STILL SOLO
14/07/2020 - 16/07/2020
Tempo Dance Festival 2020 #goingdigital
Production Details
Still Solo’ is a self-portrait photo exhibition featuring two series, ‘Liminalist’ and ‘Venetian’. The works strive to create a sense of movement in a still format, exploring how light and shadow can create a choreography against the body. The works explore ideas of how the body can exist in a liminal state as well as featuring the human form as the subject of performance. These series are an excerpt from Oli’s body of work where he continues to find how dance informs his photographic practice.
Thank you to Nicky and late Stewart Mathiesen
These photos will be shared on the Tempo Dance Festival website, www.tempo.co.nz with a selection being shown on social media.
Oli Mathiesen is a contemporary dancer working in the cross-disciplinary fields of movement, photo and film. His photographic work is contextualised by his movement practice. Oli doesn’t see either as working in two different fields, dance or photography, but the discipline is defined by the medium the final product takes form in. He continues to work in the fine arts sector with photography held in the Wallace Arts Trust, while completing his dance studies at Unitec.
Performance installation , Dance , Contemporary dance ,
15mins
Still images move
Review by Nicole Wilkie 16th Jul 2020
Still Solo by Oli Mathiesen is a photographic exhibition exploring how choreography and movement can be performed in a still image.
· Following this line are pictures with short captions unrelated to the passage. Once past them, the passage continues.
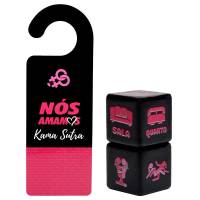 Aviso de Porta Kama Sutra Lésbico + Dados - Nós Amamos Aviso de Porta Kama Sutra Lésbico + Dados - Nós Amamos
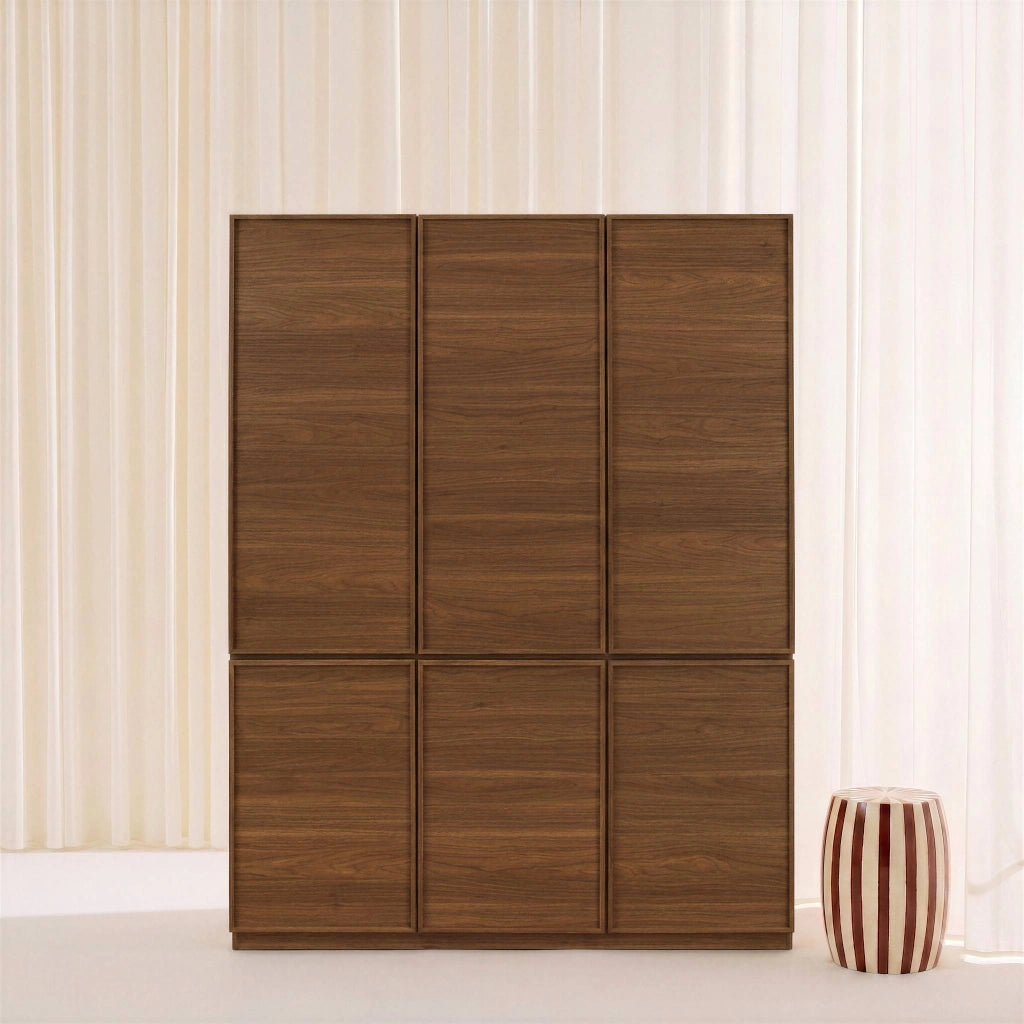 Modulo guardaroba effetto legno 6 ante 1 appendiabiti, noce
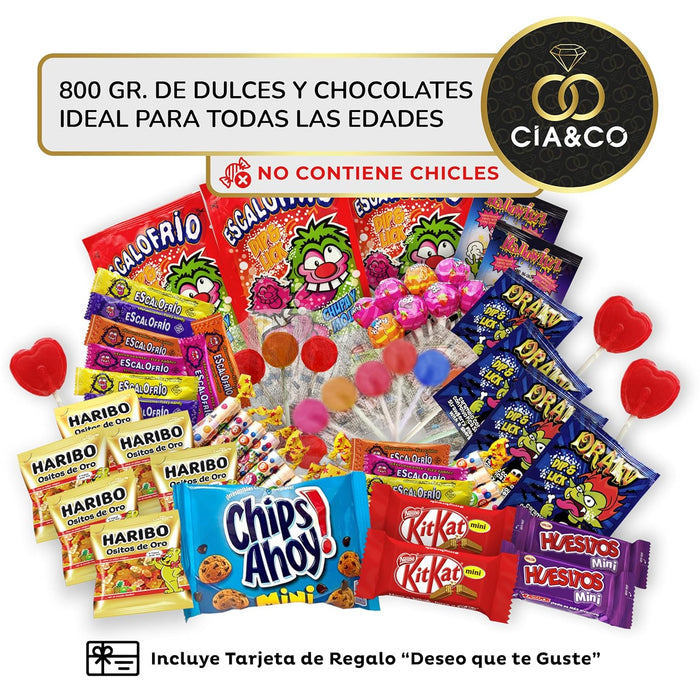Lote Súper Chuches de Cia&Co con más de 800g de Golosinas. Un mega surtido de chocolates y chuches con Kit Kat, Huesitos y Haribo, ideal para piñatas y cumpleaños. Cia&Co - ingredientes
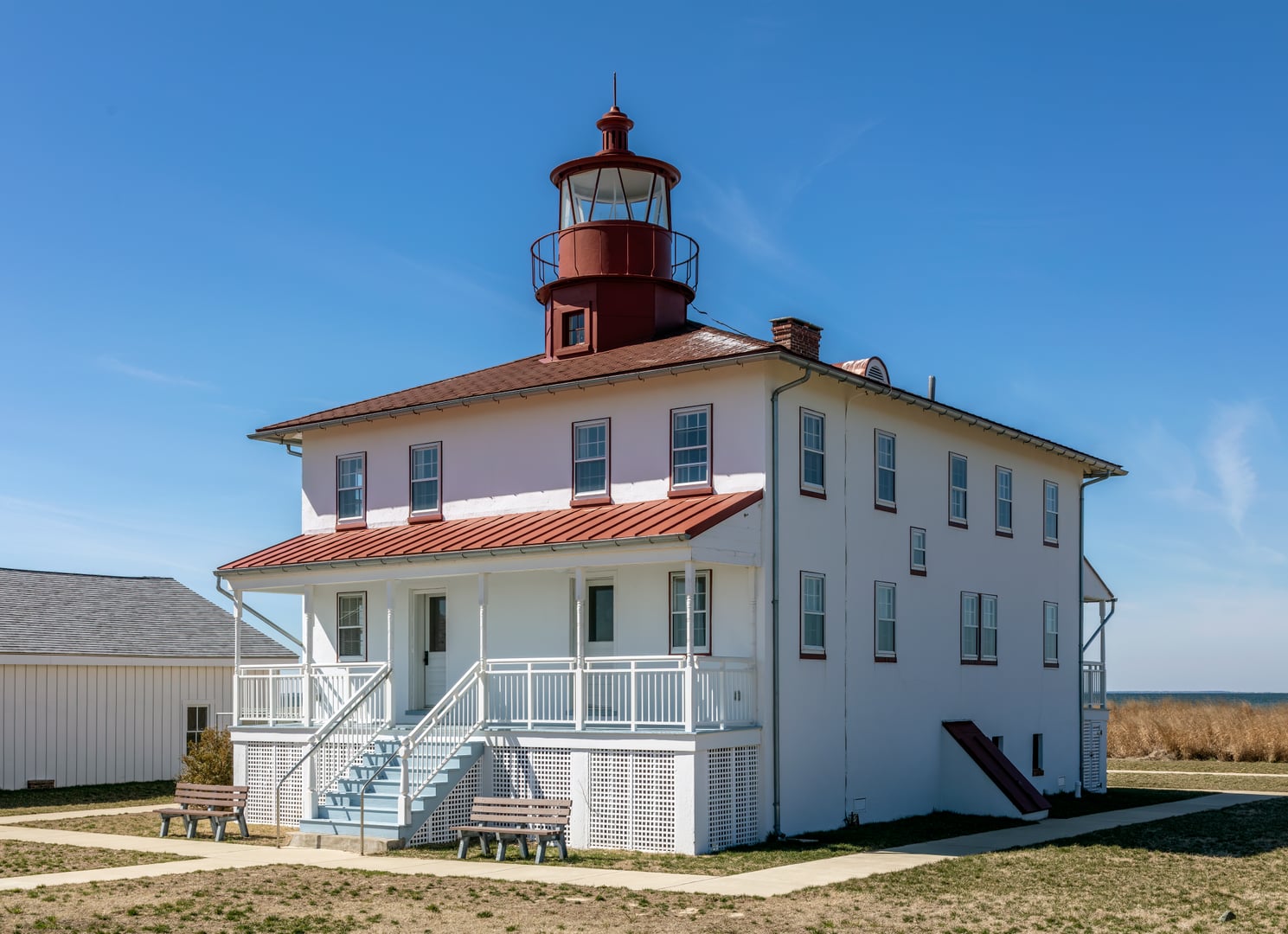 The 1830 Point Lookout Lighthouse at Point Lookout State Park in St. Mary's County, Maryland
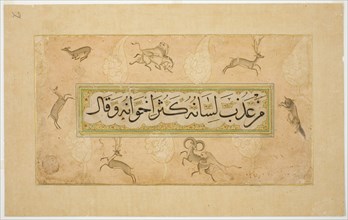 Album Page with Calligraphic Specimen and Animal Border, late 17th cent. (border); c16th cent... Creator: Unknown.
The two series in this exhibition, ‘Liminalist’ and ‘Venetian’, use light and shadow to create a dance against the backdrop of the human form. The two series are distinct, yet undoubtedly connected in their conceptions.
The first series depicts the body shrouded in white, semi-translucent fabric used in tandem to celebrate the body in its anatomical form and show the intricacies of human movement. The second set of pictures is much rawer and gives an intimate look at the body as a medium of performance.
Absorbing these photographs from top to bottom is akin to watching a dance, all of the images seem to inform each other and tell an abstract story of the dancer both as a performer and as a human being.
This collection of photography is simply gorgeous and Mathiesen’s talent both in front of and behind the camera is obvious through his artwork.